America is on the verge of having to come to grips with the reality of the situation. We are 2 very different people living within one border. The divide isn't along the Mississippi, but along lines of ideology. How long would the Takers make it if the Makers decided not to play anymore? How long would the ruling class be able to drive (excuse me... be driven in) the big cars if we decided they aren't going to "represent" us anymore? How long before this blog post gets me "noticed"?

No, I am not a crackpot looking for a revolution. I know we need to settle this stuff at the voting booth and not through the crosshairs. I am hopeful we have learned our lesson as we watched a once great and beautiful Europe erode to one big long food line. I hope the guys in Washington can turn off the cameras, roll up their sleeves, and do their jobs.

Maybe I am all wrong here and someone can straighten me out. Let's start with the simple question of the day:

How does raising the credit card limit so we can continue spending more than we have SOLVE a debt crisis? The rating agencies are going to downgrade our credit rating if we DON'T take on more debt??? Excuse me, but that SH!t wouldn't fly if I walked into Wells Fargo on Monday and asked for that deal for myself. Must have missed that chapter in the econ class. I think I skipped out to go duck hunting. Got mud on my boots that day as I recall.

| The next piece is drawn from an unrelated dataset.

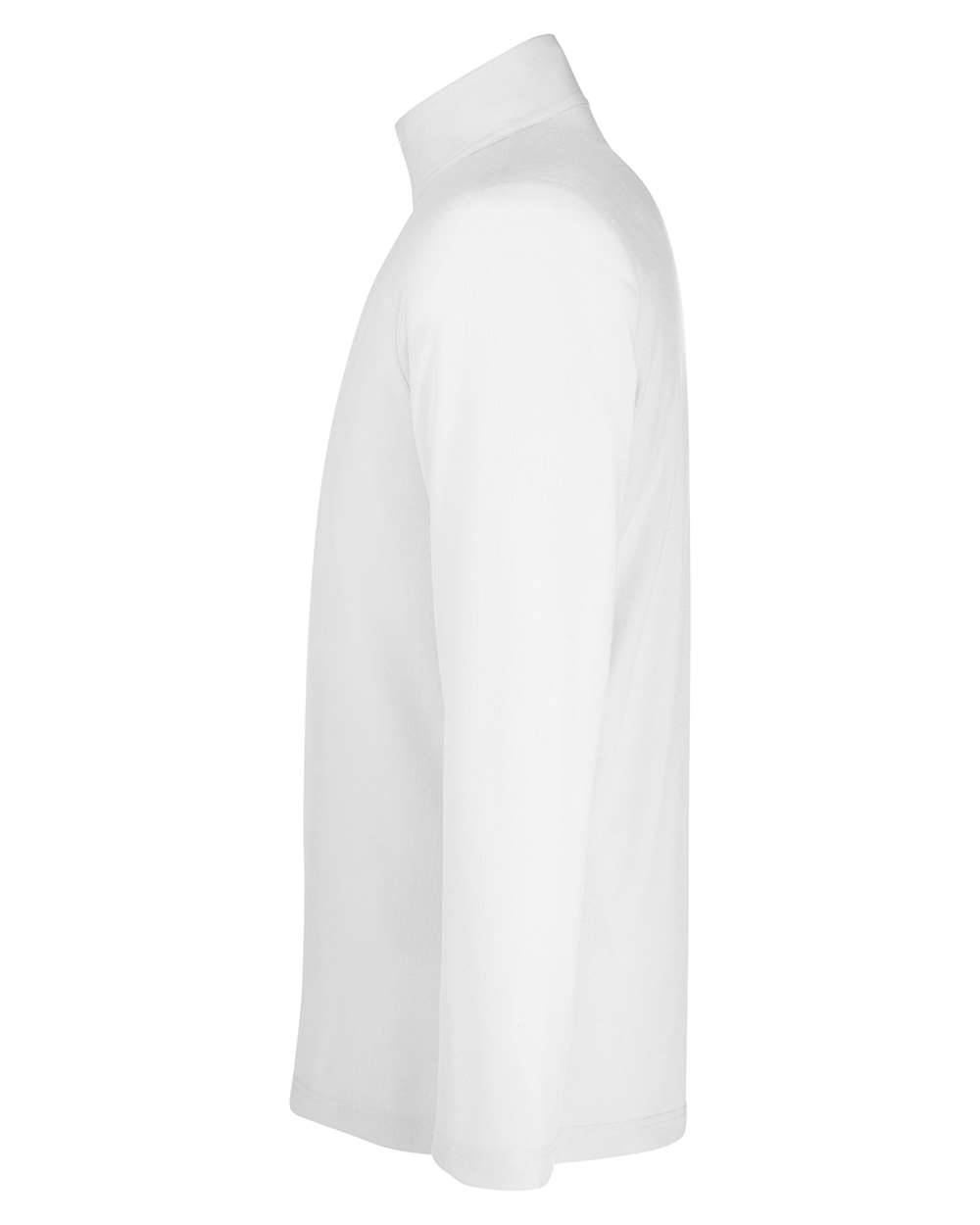 Left View of White Men's Fusion ChromaSoft™ Pique Quarter-Zip Pullover - CE405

God bless you all for listening to me rant and rave about all that complicated stuff I am too dense and simple-minded to understand! I am heading off to the range to sight in the toys. My boys and I are heading out west soon to visit some prairie dogs we have been ignoring for too long because of the gas prices being too high. That's another topic for another day...


----------



## Plainsman (Jul 30, 2003)

Nice post lillopad. Have a good time in the dog towns, and God bless. :thumb:


----------



## Csquared (Sep 5, 2006)

Sounds like lillopad's dad raised him to be a right-wing radical


----------



## Csquared (Sep 5, 2006)

....and I'm very glad that he did :wink:


----------



## lillopad (Oct 27, 2008)

Heard a great analogy today that helps describe the thinking behind spending your way out of a deficit...

"I better have another beer because if I stop drinking I am afraid I might become an alcoholic."

I guess that's good logic...


----------